“D is for Distractions”

28/8/2014 |


“D is for Distractions”

Much of our best work – the quality thinking and quality doing – happens when we’re able to fend off distractions and keep our attention on the things that matter.

There are two types of distractions: external and internal. Let’s start with those external distractions that we have to battle with on a day-to-day basis. I’ll start with this thought: If you could design a more interruption-filled, uncomfortable, judgement and stress-fuelled environment specifically for the purposes of keeping someone off-topic and unproductive, you’d design something that looks much like the average open plan office. If you’re unfortunate enough to work in an open plan office, then many external distractions can’t be controlled.

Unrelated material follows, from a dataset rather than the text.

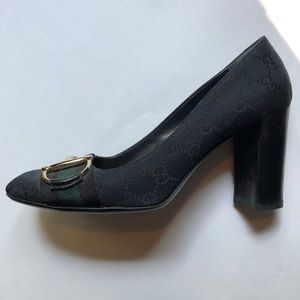 Authentic Gucci green horsebit pumps size 38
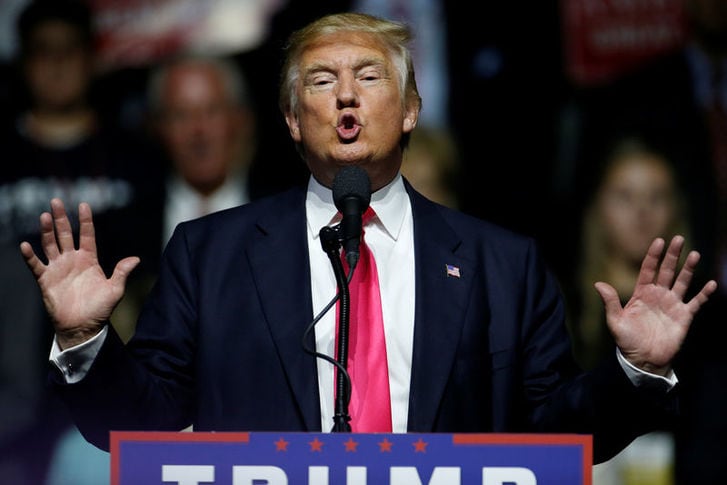８月２４日、米大統領選の共和党候補ドナルド・トランプ氏（写真）は、外交政策アドバイザーの１人として、ほぼ無名のエネルギー業界コンサルタントを任命した。だが、この人物のかつての上司は面食らっている。ミシシッピ州で撮影（２０１６年　ロイター/Carlo Allegri）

However, what you can do is:

Much of our best work – the quality thinking and quality doing - happens when we’re able to fend off distractions and keep our attention on the things that matter.

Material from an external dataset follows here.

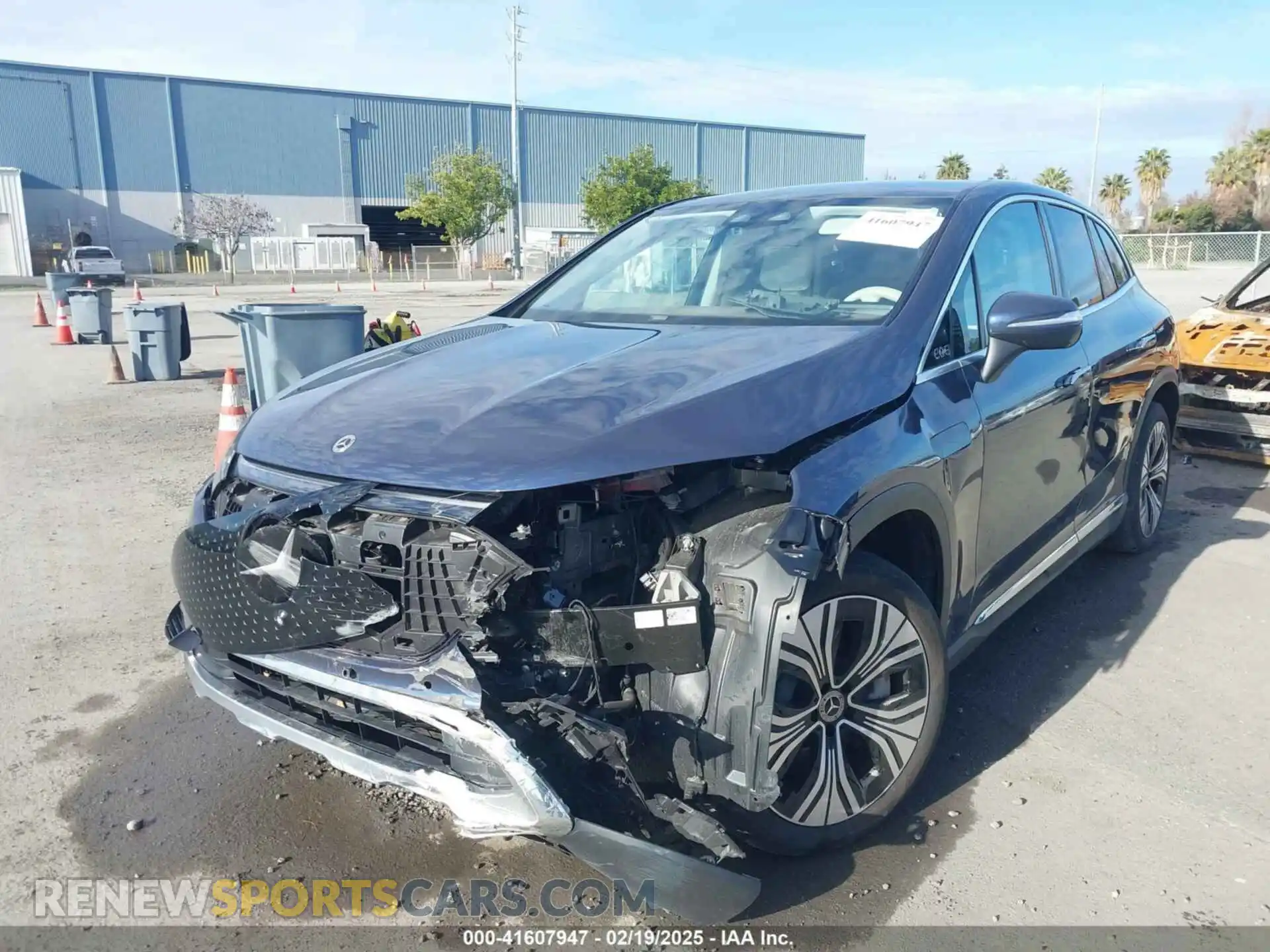 2 fotografías del automóvil dañado 4JGGM1CB9PA003923 MERCEDES-BENZ EQE 350 SUV 2023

  • Turn off email and social media notifications so that your screen, phone or tablet is not constantly flashing new pieces of information in your face. These interruptions may feel small individually, but added together they take out a huge chunk of the day’s attention.
  • Take some time in your week when you purposefully work somewhere else in the building, away from bosses, colleagues, email inboxes and the like. Even two hours a week spent ‘going dark’ – absent from view but using your proactive attention to focus – can be extremely valuable.
  • Spend more time plugged in but offline – you don’t have to have your email inbox and phone switched on the whole time! Again, even at your desk you can control the distractions at source to some extent.
  • Pay attention to how much information you are exposed to, both outside of work and in the rest of your life. Watch less TV; choose not to read the free newspapers; take some time off the internet; be ‘screen-free’ for a day or all weekend. The downside to our instant information culture is that it distracts us from the present moment and from our own thoughts. It’s important to give your mind a rest and a chance to wander once in a while.
  • Meditate. We will cover this later when we come on to Zen, but these final couple of points are not disconnected from work productivity. In fact, they’re absolutely essential to maintaining good proactive attention.


Even harder to deal with than those external distractions are the internal distractions: the little voices and vices inside your head. Yes, it was you that retreated from the challenges of that spreadsheet to go and check the BBC website. Yes, it was you that spent time on that shiny new thing instead of following through on that more valuable but scary thing. There’s no-one else to blame (and yes, I’m just as guilty of sabotaging my own work too!).

Why does this happen? Well, put simply, lots of distractions give the illusion of having value. So when we’re stuck or struggling or feeling frustrated we tend to look for some kind of instant gratification.

Low-grade useful stuff we procrastinate with:

  • Checking email
  • Checking notifications
  • Internet ‘research’ into topics that in reality we don’t need to research at all
  • ‘Catching up’ with the news (which we’ll read, hear or watch later anyway)
  • Making another cup of tea or snacking
  • Optional meetings


Downright useless stuff we procrastinate with:

  • Solitaire/Tetris/Angry Birds/Minesweeper/Candy Crush (delete according to your device and generation)
  • Office gossip
  • Loops of videos or celeb gossip online – usually justified with some kind of ‘five minutes of chill time’ internal dialogue.